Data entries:
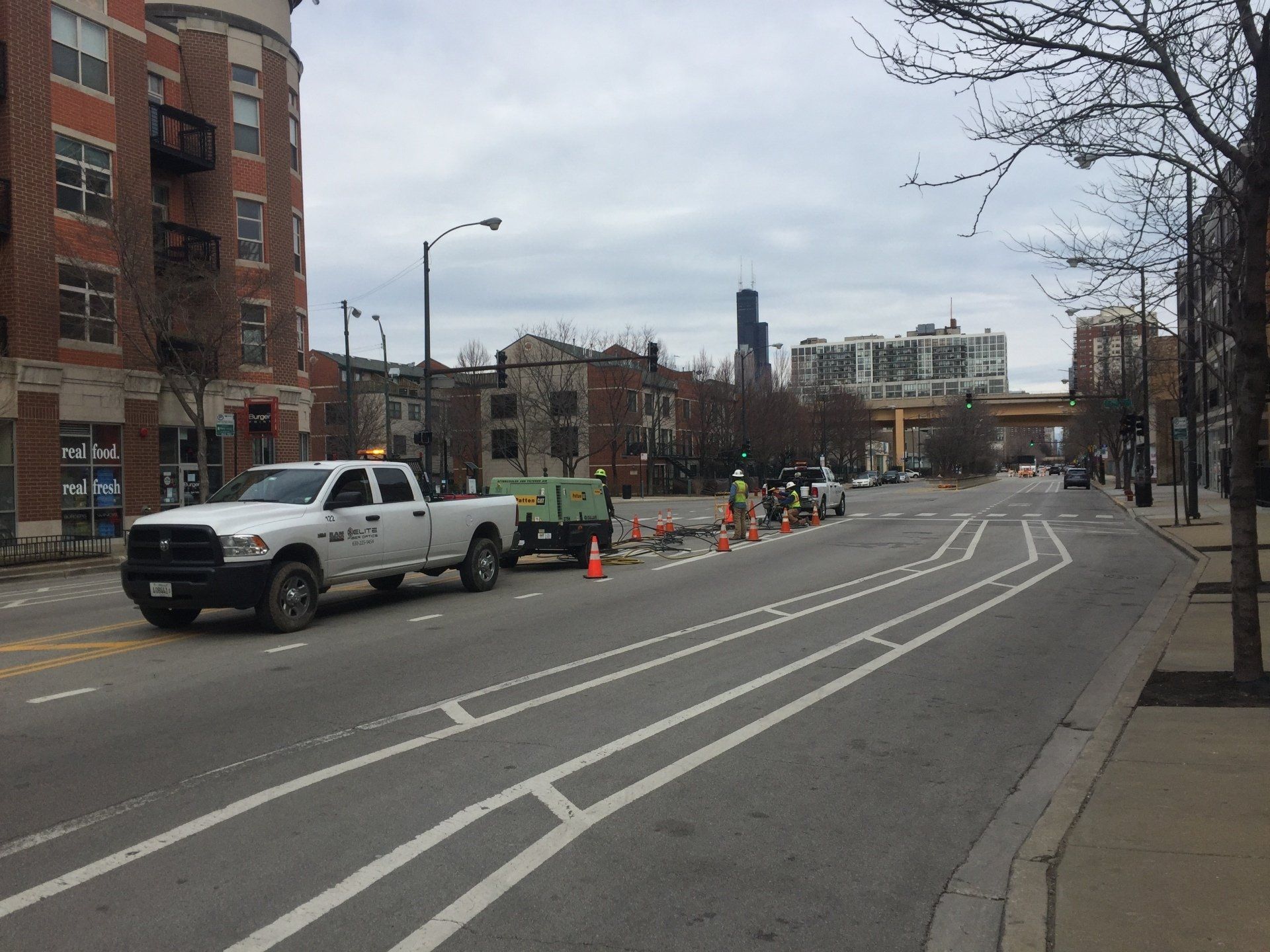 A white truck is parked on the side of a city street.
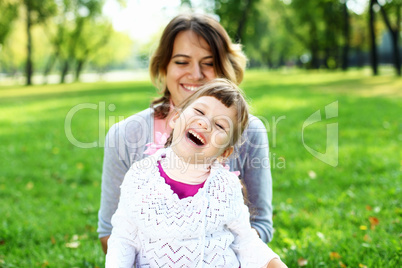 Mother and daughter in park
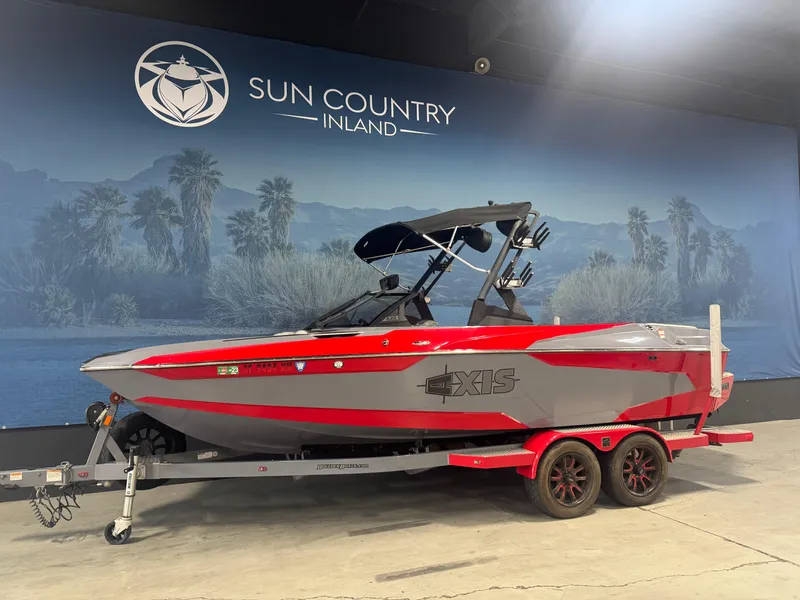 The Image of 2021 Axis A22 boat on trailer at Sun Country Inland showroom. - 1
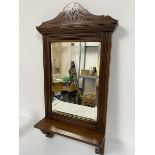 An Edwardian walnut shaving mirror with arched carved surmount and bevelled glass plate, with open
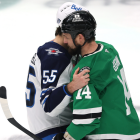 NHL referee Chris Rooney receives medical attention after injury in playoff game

WHAT NEEDS TO BE DONE.
The records above need to be restated word for word, with the pictures left out.

ANSWER TO THIS EXERCISE.
 A white truck is parked on the side of a city street.
 Mother and daughter in park
 The Image of 2021 Axis A22 boat on trailer at Sun Country Inland showroom. - 1
 An Edwardian walnut shaving mirror with arched carved surmount and bevelled glass plate, with open
 NHL referee Chris Rooney receives medical attention after injury in playoff game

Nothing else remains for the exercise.